| Task instructions |
Please set down exactly the lines of the listing below from the line containing "New Weiser Smart" through the line containing "Olive Mezuzah Israeli", both lines included, leaving out all other lines.

───── Supplied records ─────

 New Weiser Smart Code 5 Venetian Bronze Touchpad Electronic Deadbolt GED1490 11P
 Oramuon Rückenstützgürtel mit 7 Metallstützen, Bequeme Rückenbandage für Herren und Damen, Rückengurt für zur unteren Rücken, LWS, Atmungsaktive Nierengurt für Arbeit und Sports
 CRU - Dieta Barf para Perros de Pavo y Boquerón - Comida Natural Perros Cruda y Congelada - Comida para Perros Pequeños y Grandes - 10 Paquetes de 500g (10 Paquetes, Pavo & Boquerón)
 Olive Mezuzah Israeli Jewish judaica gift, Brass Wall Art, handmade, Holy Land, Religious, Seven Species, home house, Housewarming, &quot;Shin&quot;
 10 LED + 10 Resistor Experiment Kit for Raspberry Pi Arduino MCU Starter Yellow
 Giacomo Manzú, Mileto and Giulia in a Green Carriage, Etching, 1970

─────
───── Supplied records ─────

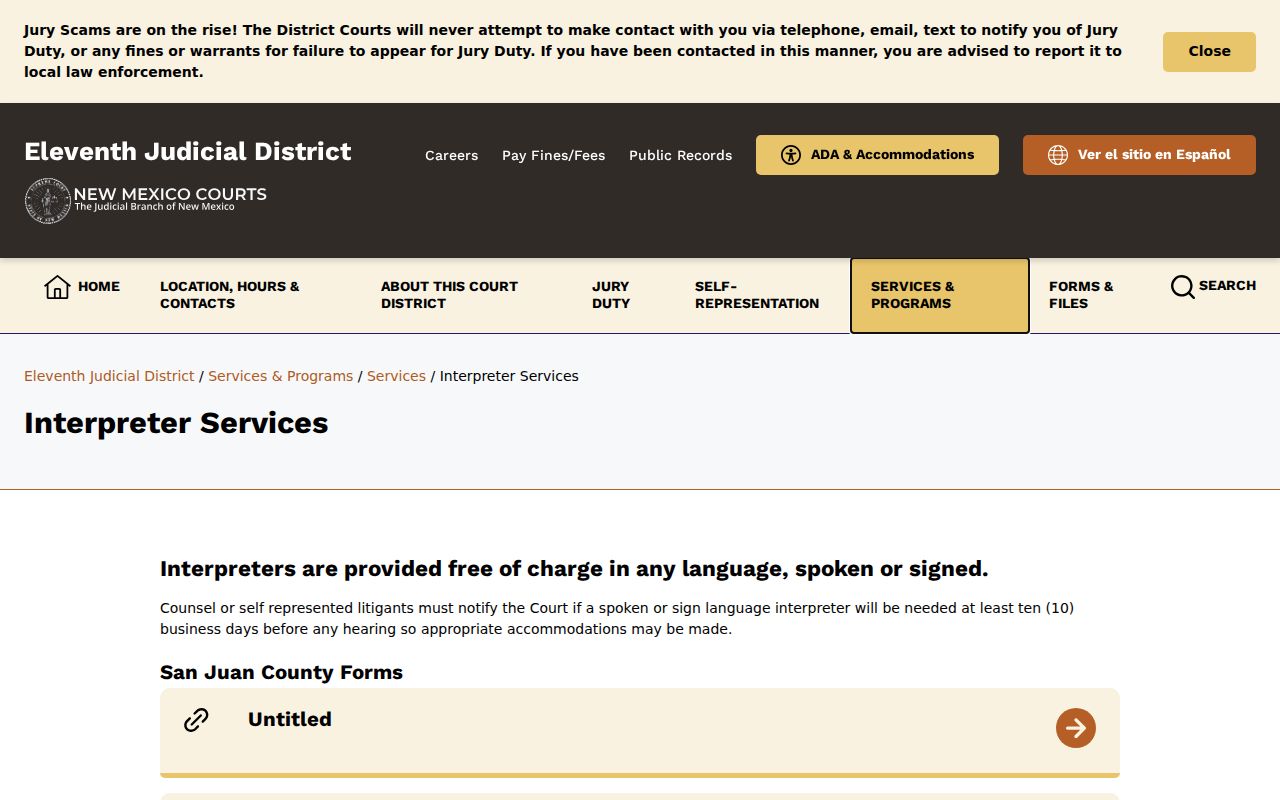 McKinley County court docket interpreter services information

─────

| Exercise solution |
 New Weiser Smart Code 5 Venetian Bronze Touchpad Electronic Deadbolt GED1490 11P
 Oramuon Rückenstützgürtel mit 7 Metallstützen, Bequeme Rückenbandage für Herren und Damen, Rückengurt für zur unteren Rücken, LWS, Atmungsaktive Nierengurt für Arbeit und Sports
 CRU - Dieta Barf para Perros de Pavo y Boquerón - Comida Natural Perros Cruda y Congelada - Comida para Perros Pequeños y Grandes - 10 Paquetes de 500g (10 Paquetes, Pavo & Boquerón)
 Olive Mezuzah Israeli Jewish judaica gift, Brass Wall Art, handmade, Holy Land, Religious, Seven Species, home house, Housewarming, &quot;Shin&quot;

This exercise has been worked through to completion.